This is my symphony

What I read & what I lived …

Freedom
by Jonathan Franzen

A few years ago, following the recommendations of almost every book reviewer, I opened Jonathon Franzen’s Corrections with high expectations–winner of the National Book Award; Time’s Great American Novelist. About 40 pages later, I was done. Now I’m no wimpy reader, but Franzen’s prose was dense and I didn’t feel that “Me! Me!” tug from the characters. A fellow English teacher, and an abashed Franzen fan, dropped the book off at my house saying, “No rush–whenever I got to it … ” Such a soft sell. After getting tired of  the 3 inch tome staring back at me from my reading shelf, I broke down. How bad could it be, after all?

Let me begin by saying that this time I finished the novel. And I’m actually quite proud of that because I was tempted many times to quit. Was the prose still dense? Yes–though maybe not so much. Did I feel that tug from the characters? Yes–although when Patty and Walter Berglund showed their true colors I felt hornswoggled. The summary in PW is accurate enough for anyone not familiar with the story: two young liberals build an idyllic life together: model marriage, precocious kids, This Old House renovations–they had it all and did it all. Or so it seemed. But sugar-coating only cracks and crumbles under the weight of reality,and what lies beneath is often rotting. And so it was with Patty and Walter. Their lack of emotional intelligence led to repression, jealousy, betrayal, adultery.

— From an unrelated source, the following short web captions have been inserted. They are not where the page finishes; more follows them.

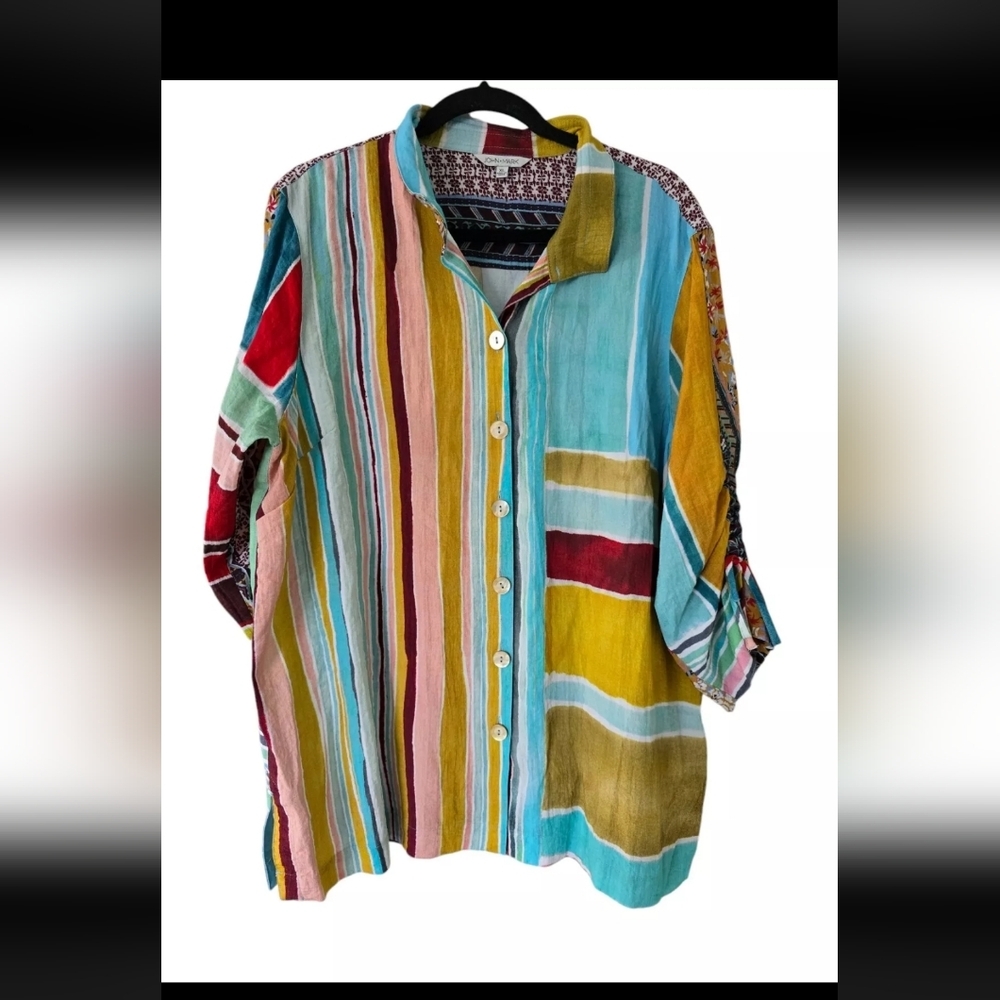$120 John Mark Shirt Women XL Mixed Print Collared Cinched 3/4 Tie Sleeve Boho - Picture 2 of 14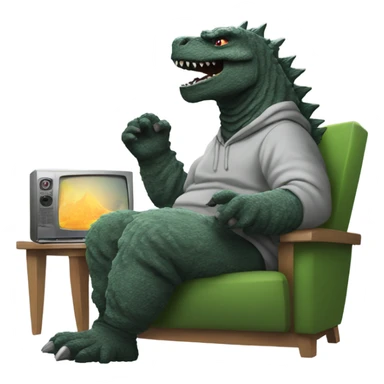 Godzilla wearing a hoody chilling watching tv sticker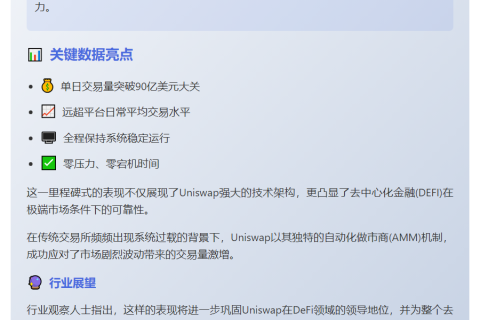 Uniswap日交易量90亿美元零压力缩略图 Uniswap日交易量90亿美元零压力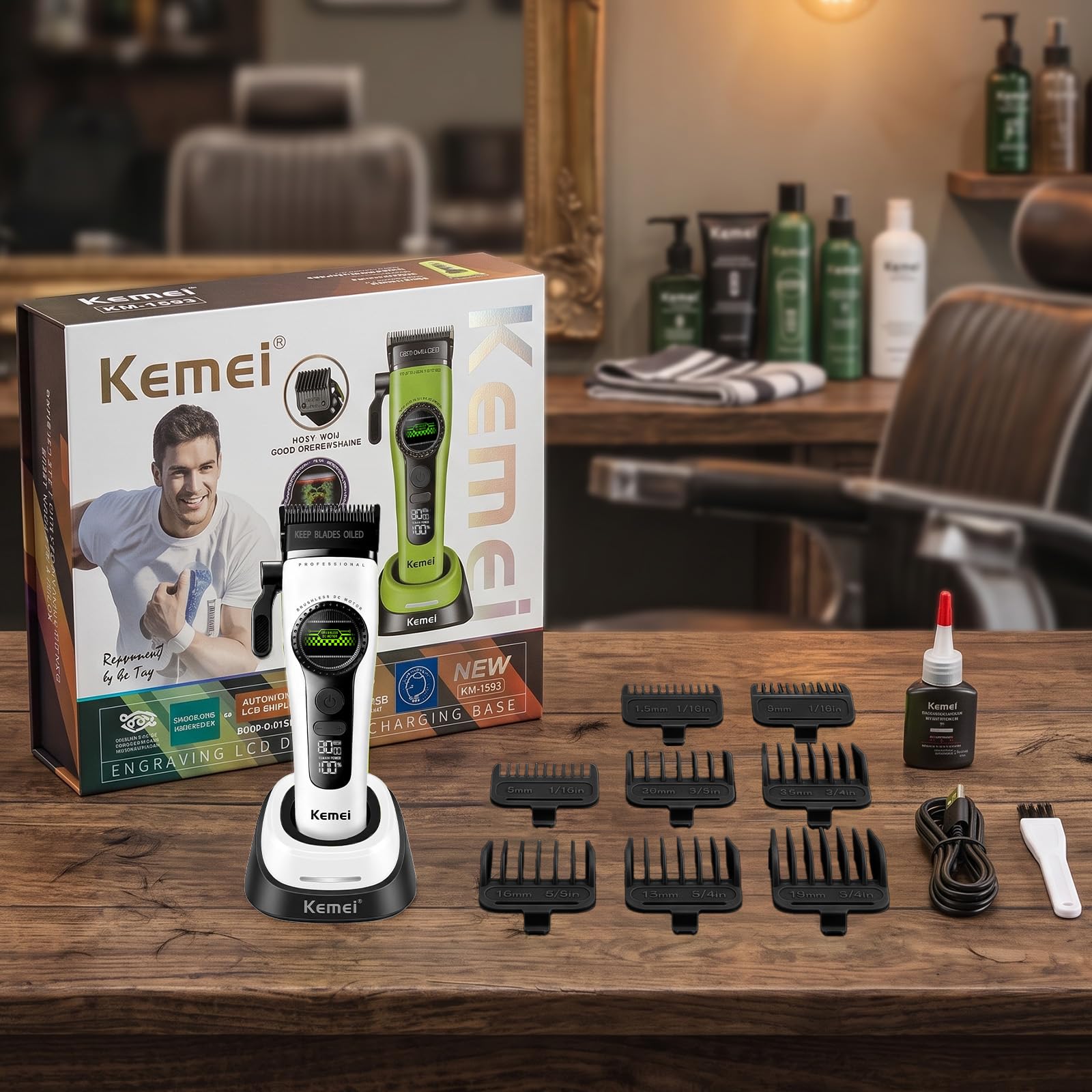 KEMEI 1593 Cortapelos Hombre Inalámbrico, Máquina Cortar Pelo Profesional | Motor Sin Escobillas,5 Velocidades,Doble Carga USB-C y Base,Cuchilla DLC-Cerámica-Perfecto para Autocorte y Regalo(Blanco)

I don’t need Pollyanna or happy endings. But I do need to feel as though characters I live with throughout a novel have some redeemable characteristics. And here I found none. After their lives collapse, both Patty and Walter try to reinvent themselves, but still find little happiness, and their reunion at the novel’s end feels thin. In many ways, Freedom was the twin of We Were the Mulvaneys by Joyce Carol Oates. But I left Oates’ novel satisfied at the family’s reconciliation and reinvention. I don’t know what I’m missing with Franzen’s novels, but I just don’t get it.